The answer must consist of every line below containing "with".

--- Material for this exercise Enclosed Below ---

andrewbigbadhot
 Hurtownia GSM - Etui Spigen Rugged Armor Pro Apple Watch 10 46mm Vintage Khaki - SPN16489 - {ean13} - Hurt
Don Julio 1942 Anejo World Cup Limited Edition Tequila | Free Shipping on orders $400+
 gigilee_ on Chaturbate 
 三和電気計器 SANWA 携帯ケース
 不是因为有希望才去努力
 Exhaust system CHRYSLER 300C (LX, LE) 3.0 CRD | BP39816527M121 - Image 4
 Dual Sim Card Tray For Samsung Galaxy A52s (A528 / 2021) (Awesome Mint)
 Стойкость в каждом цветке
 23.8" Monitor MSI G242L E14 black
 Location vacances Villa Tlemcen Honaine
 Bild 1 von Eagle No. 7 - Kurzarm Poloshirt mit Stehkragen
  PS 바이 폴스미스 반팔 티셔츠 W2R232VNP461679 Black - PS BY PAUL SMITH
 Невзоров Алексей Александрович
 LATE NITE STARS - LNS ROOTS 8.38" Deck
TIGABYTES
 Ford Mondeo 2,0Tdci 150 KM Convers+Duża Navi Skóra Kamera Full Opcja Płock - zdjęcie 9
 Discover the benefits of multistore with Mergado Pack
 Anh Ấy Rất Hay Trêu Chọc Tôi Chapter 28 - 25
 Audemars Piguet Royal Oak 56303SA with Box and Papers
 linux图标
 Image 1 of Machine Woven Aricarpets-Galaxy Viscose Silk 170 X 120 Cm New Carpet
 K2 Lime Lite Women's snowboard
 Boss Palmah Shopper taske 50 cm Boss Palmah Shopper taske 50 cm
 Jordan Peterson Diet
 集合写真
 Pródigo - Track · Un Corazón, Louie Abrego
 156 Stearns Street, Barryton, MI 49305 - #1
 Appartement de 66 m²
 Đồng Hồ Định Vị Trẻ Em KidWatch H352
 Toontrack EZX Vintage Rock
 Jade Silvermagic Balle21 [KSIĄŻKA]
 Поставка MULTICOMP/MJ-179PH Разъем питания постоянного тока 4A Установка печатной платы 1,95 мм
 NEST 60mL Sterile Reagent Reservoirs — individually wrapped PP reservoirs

--- End of Enclosed Material for this exercise ---

*Solution for this task*:
 Discover the benefits of multistore with Mergado Pack
 Audemars Piguet Royal Oak 56303SA with Box and Papers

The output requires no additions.